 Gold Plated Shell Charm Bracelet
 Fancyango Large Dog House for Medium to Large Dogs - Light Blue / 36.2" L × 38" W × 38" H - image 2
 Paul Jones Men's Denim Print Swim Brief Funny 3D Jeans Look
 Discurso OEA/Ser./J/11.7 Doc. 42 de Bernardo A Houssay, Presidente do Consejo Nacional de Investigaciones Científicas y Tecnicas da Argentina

* * *

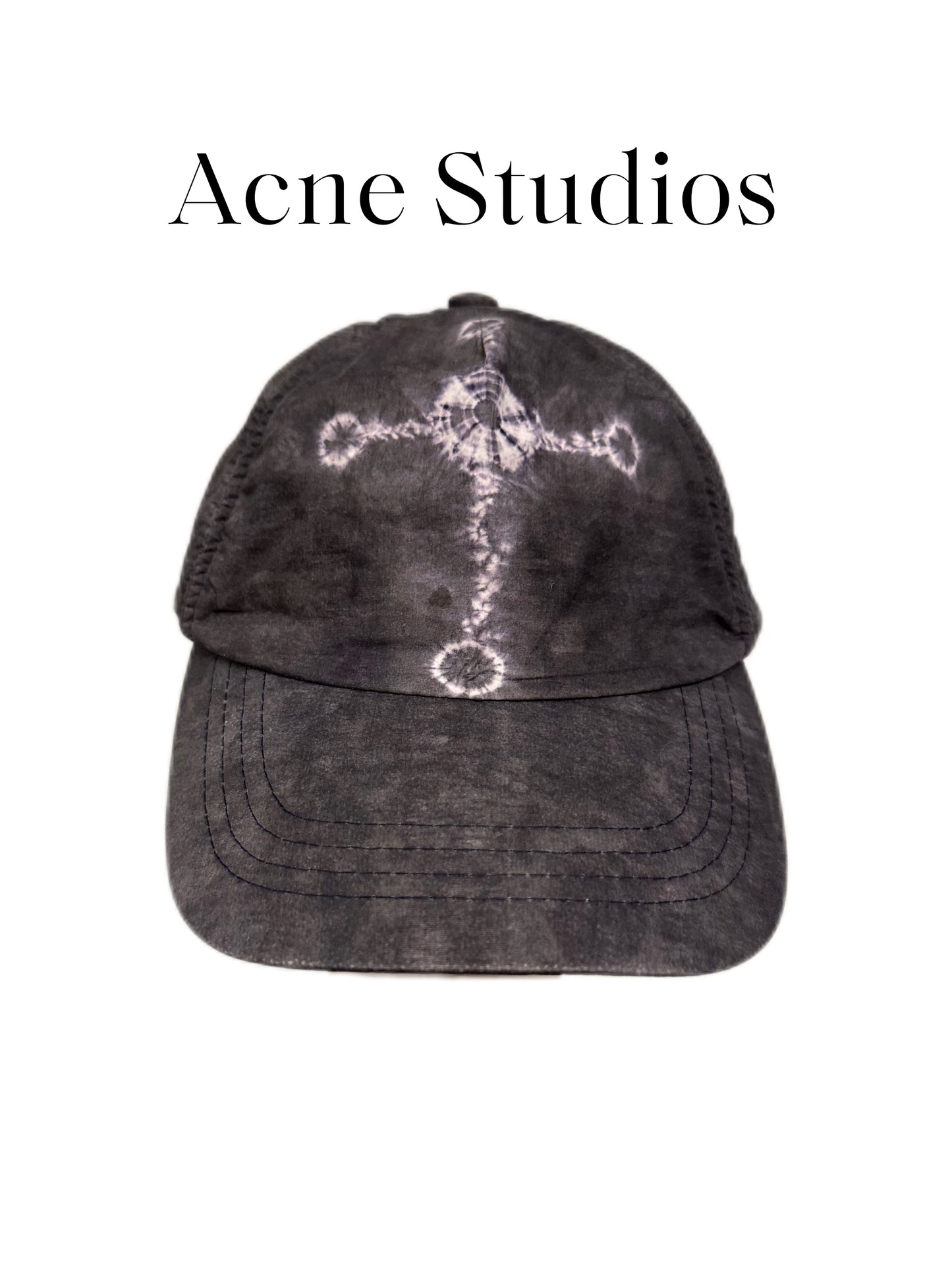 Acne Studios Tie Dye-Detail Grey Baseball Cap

--

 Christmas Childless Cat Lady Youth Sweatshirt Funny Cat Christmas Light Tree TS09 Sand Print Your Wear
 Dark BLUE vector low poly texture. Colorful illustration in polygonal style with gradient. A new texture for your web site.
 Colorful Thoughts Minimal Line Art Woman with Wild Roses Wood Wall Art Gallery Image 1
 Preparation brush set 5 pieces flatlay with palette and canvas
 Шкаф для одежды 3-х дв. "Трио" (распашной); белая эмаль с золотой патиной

* WORK TO BE COMPLETED
Please, from the entries above, set down exactly the lines from the one containing "Dark BLUE vector" through the one containing "Шкаф для одежды", and only those.

* RESPONSE TO THIS TASK
 Dark BLUE vector low poly texture. Colorful illustration in polygonal style with gradient. A new texture for your web site.
 Colorful Thoughts Minimal Line Art Woman with Wild Roses Wood Wall Art Gallery Image 1
 Preparation brush set 5 pieces flatlay with palette and canvas
 Шкаф для одежды 3-х дв. "Трио" (распашной); белая эмаль с золотой патиной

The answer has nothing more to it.